2007-08 sezonunda Division I’ın en genç ikinci antrenörü olan Stevens, Butler’ı Horizon Lig’de zirveye taşıdı. NCAA Turnuvası’na katılma başarısı gösteren ekip, ikinci turda sezonu kapattı. Bu yılın sonunda Stevens, Division I tarihinde 30 galibiyet barajına ulaşan en genç 3’üncü antrenör oldu. İkinci sezonunda ise 56 maçta 50 galibiyete ulaşan 6. baş antrenör unvanını aldı. Ayrıca Horizon Ligde de yılın koçu seçildi.

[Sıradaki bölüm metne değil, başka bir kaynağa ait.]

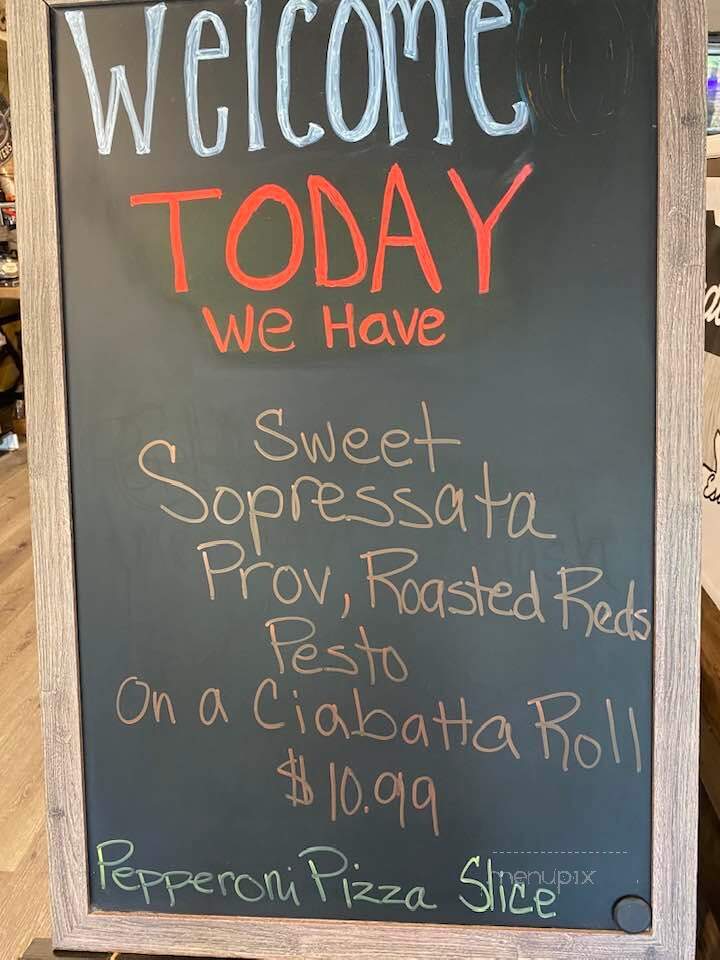Tommy's Place & Market - Bristol, CT menu_pic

Her yıl kariyerini bir üst seviyeye taşıyan Stevens, 2010 yılında zirve yaptı. Division I tarihinde takımını yenilgisiz olarak NCAA Turnuvası’na taşıyan genç isim, çok önemli bir başarıya imza attı. Favori olmamasına rağmen devleri teker teker dize getirirken, kendini final fourda buldu. İlk maçta Michigan Statei de deviren Butler, tarihinde ilk kez şampiyonluk maçına çıktı. Bu maçta kazanma şansını son saniyeye kadar koruyan takım, Dukea 2 sayı farkla boyun eğdi(61-59). Butler çok önemli rekorları alt üst ederken, Stevens da 1940 yılında Indiana Hoosiers’ı 31 yaşında şampiyonluğa taşıyan Branch McCracken’ın ardından şampiyonluk maçı oynayan ikinci en genç antrenör oldu. Bu inanılmaz başarı öyküsünün ardından da takımıyla olan sözleşmesini 2021-22 sezonuna kadar uzattı.

Sonuç olarak Stevens’ın herkese örnek olabilecek bir hayat hikayesi olduğunu düşünüyorum. Hayatta en önemli şeylerden biri de insanın idealleri için vazgeçmeden savaşabilmesi. Tabii ki her hikaye böyle sonuçlanmıyor, ancak unutulmaması gereken şey, hiçbir riski göze almadan kolay vazgeçenler de hiçbir zaman istedikleri noktaya varamayacaklar.